━━━━━ RECORDS SHOWN ━━━━━

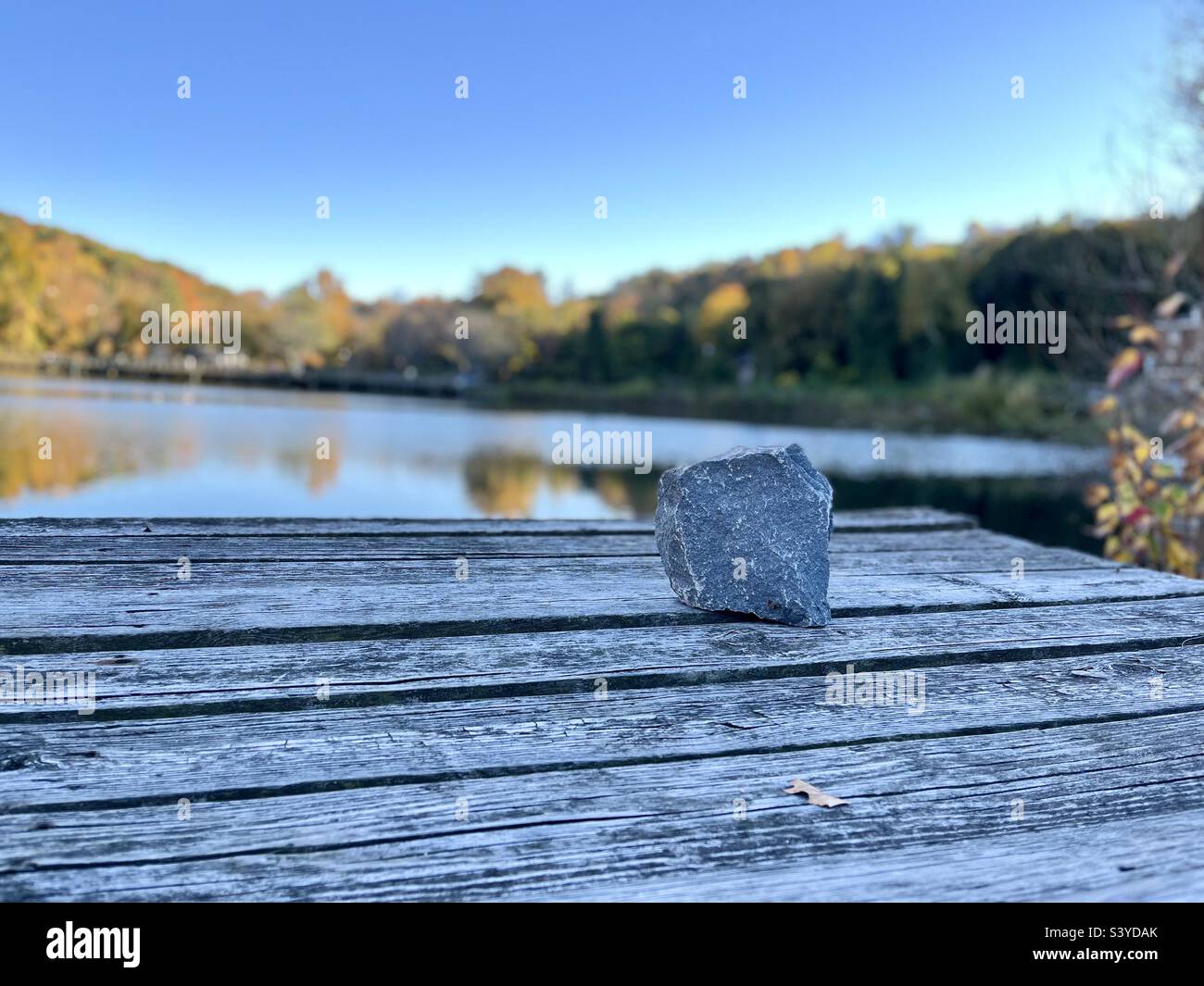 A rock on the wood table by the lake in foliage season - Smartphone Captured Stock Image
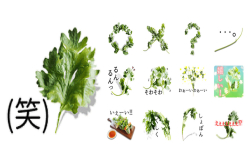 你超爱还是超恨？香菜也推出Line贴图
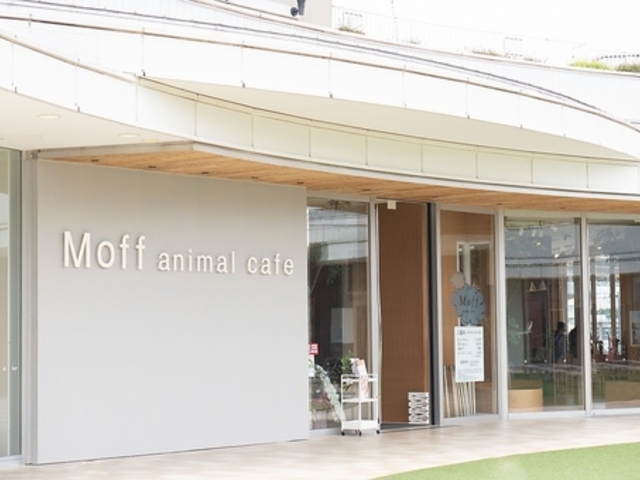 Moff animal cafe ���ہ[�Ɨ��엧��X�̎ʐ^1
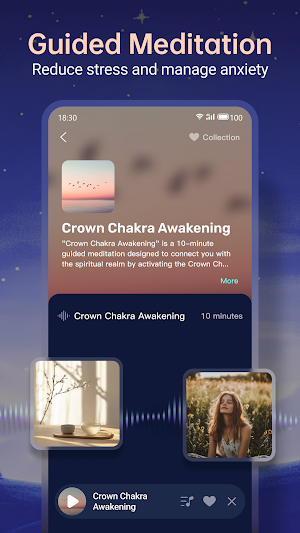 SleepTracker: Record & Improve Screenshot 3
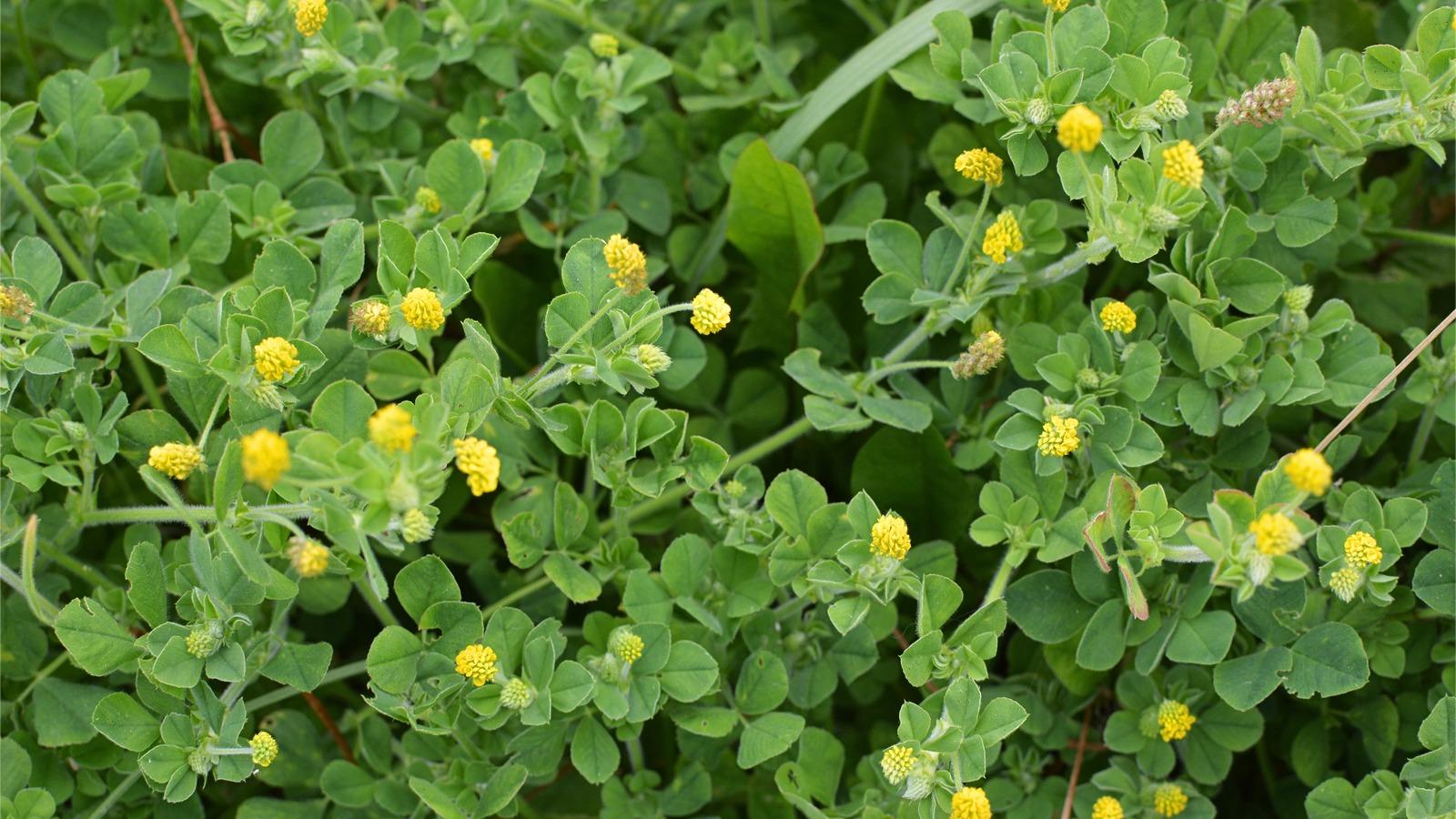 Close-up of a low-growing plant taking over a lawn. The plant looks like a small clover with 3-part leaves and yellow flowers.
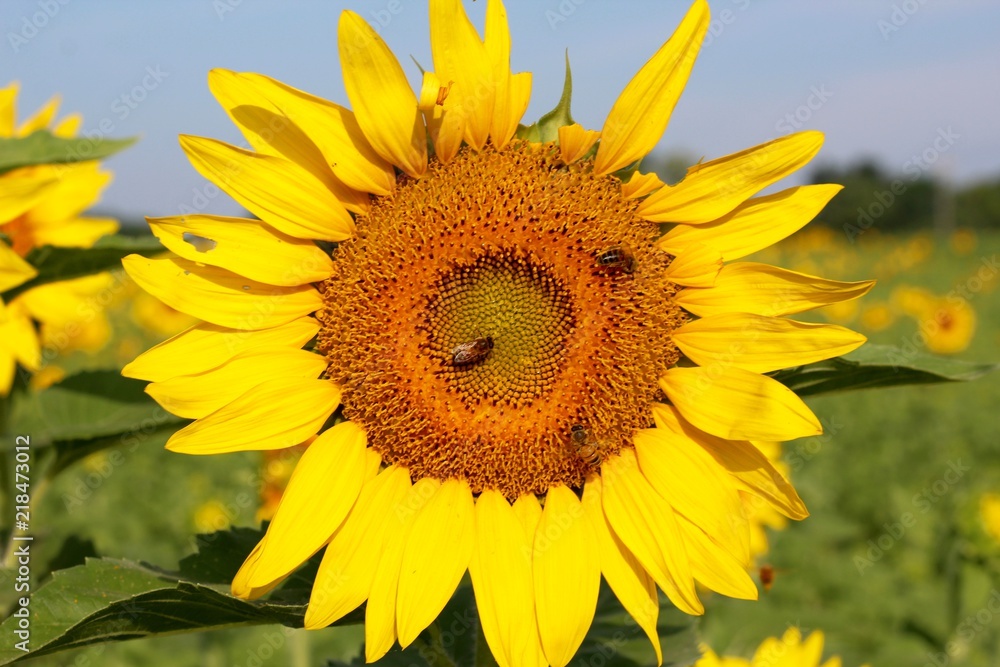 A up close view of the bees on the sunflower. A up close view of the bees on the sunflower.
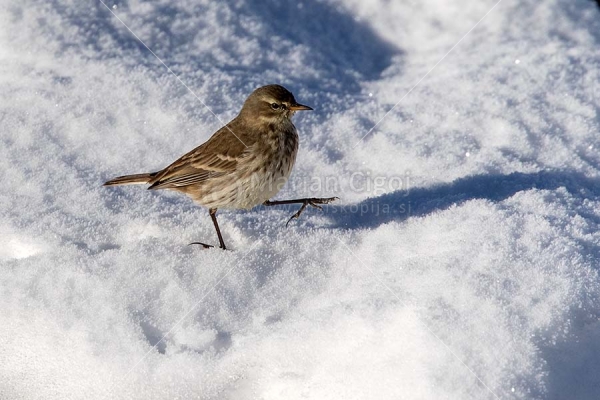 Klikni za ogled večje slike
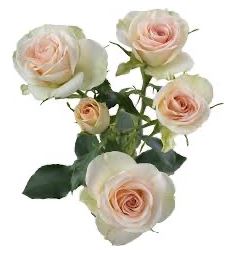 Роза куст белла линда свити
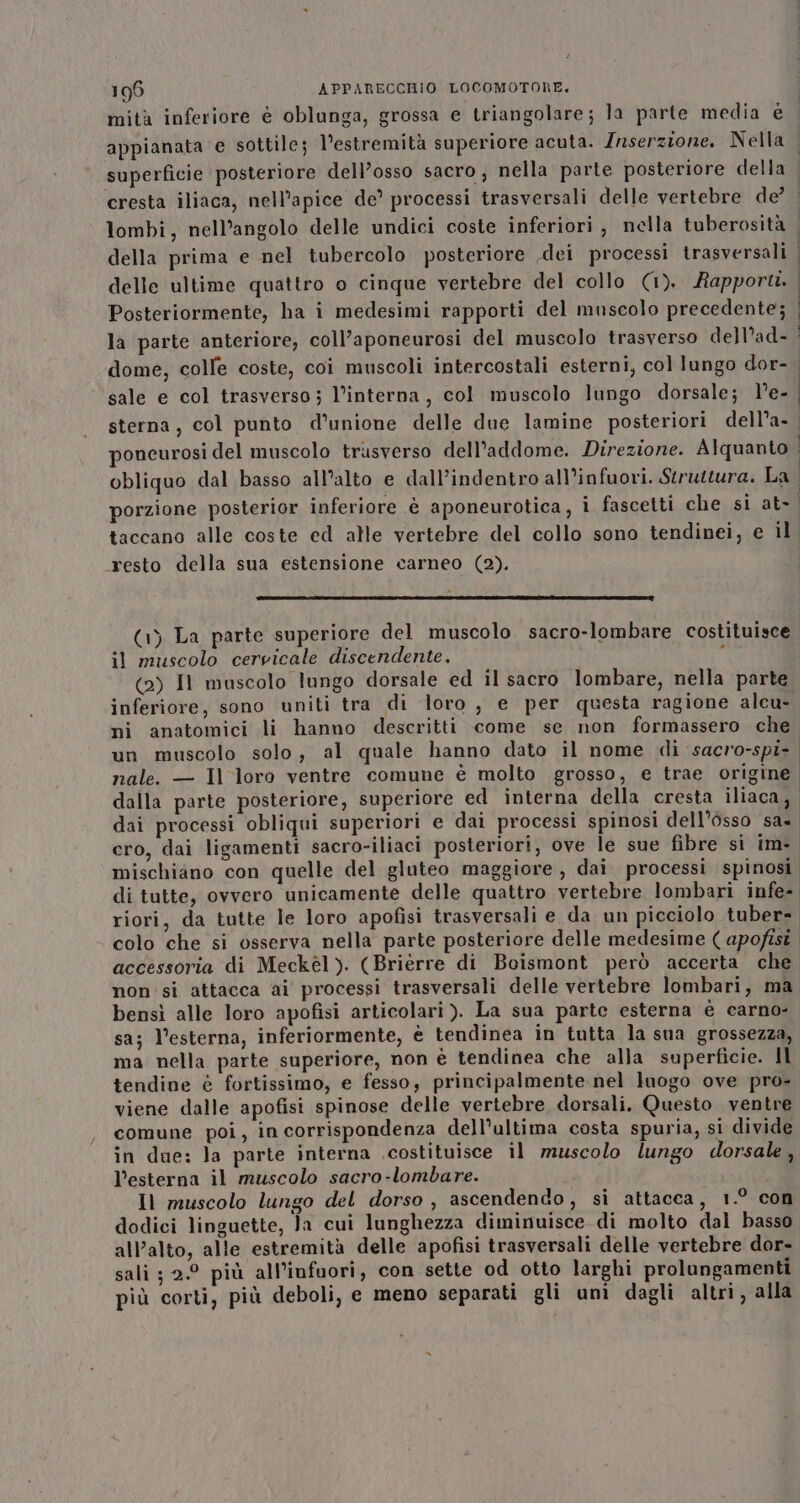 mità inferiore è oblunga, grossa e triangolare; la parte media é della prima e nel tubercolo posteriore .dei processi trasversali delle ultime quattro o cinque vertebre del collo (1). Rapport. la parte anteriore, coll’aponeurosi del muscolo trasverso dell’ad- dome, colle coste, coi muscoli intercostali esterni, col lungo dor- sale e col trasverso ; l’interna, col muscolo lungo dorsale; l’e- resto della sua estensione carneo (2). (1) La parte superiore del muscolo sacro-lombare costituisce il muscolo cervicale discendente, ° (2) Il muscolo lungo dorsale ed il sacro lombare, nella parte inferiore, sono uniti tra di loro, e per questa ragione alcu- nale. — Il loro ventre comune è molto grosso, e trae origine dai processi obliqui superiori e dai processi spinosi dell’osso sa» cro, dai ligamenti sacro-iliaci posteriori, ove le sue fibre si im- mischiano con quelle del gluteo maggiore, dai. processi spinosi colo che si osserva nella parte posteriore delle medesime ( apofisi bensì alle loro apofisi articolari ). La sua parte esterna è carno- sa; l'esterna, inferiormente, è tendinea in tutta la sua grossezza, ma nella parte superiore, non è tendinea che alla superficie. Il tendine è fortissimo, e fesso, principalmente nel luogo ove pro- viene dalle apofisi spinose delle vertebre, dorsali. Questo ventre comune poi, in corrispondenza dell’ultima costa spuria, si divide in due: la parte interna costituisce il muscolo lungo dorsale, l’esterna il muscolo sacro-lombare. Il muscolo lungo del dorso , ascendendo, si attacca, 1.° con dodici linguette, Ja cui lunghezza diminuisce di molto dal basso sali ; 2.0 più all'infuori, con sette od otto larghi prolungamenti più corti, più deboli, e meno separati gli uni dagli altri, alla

━━━━━

DIRECTIONS FOR THIS TASK.
What is needed is an exact copy of the lines from the one with "Klikni za ogled večje slike" through the end of the data above, both included, minus any pictures.

TASK SOLUTION.
 Klikni za ogled večje slike
 Роза куст белла линда свити
 mità inferiore è oblunga, grossa e triangolare; la parte media é della prima e nel tubercolo posteriore .dei processi trasversali delle ultime quattro o cinque vertebre del collo (1). Rapport. la parte anteriore, coll’aponeurosi del muscolo trasverso dell’ad- dome, colle coste, coi muscoli intercostali esterni, col lungo dor- sale e col trasverso ; l’interna, col muscolo lungo dorsale; l’e- resto della sua estensione carneo (2). (1) La parte superiore del muscolo sacro-lombare costituisce il muscolo cervicale discendente, ° (2) Il muscolo lungo dorsale ed il sacro lombare, nella parte inferiore, sono uniti tra di loro, e per questa ragione alcu- nale. — Il loro ventre comune è molto grosso, e trae origine dai processi obliqui superiori e dai processi spinosi dell’osso sa» cro, dai ligamenti sacro-iliaci posteriori, ove le sue fibre si im- mischiano con quelle del gluteo maggiore, dai. processi spinosi colo che si osserva nella parte posteriore delle medesime ( apofisi bensì alle loro apofisi articolari ). La sua parte esterna è carno- sa; l'esterna, inferiormente, è tendinea in tutta la sua grossezza, ma nella parte superiore, non è tendinea che alla superficie. Il tendine è fortissimo, e fesso, principalmente nel luogo ove pro- viene dalle apofisi spinose delle vertebre, dorsali. Questo ventre comune poi, in corrispondenza dell’ultima costa spuria, si divide in due: la parte interna costituisce il muscolo lungo dorsale, l’esterna il muscolo sacro-lombare. Il muscolo lungo del dorso , ascendendo, si attacca, 1.° con dodici linguette, Ja cui lunghezza diminuisce di molto dal basso sali ; 2.0 più all'infuori, con sette od otto larghi prolungamenti più corti, più deboli, e meno separati gli uni dagli altri, alla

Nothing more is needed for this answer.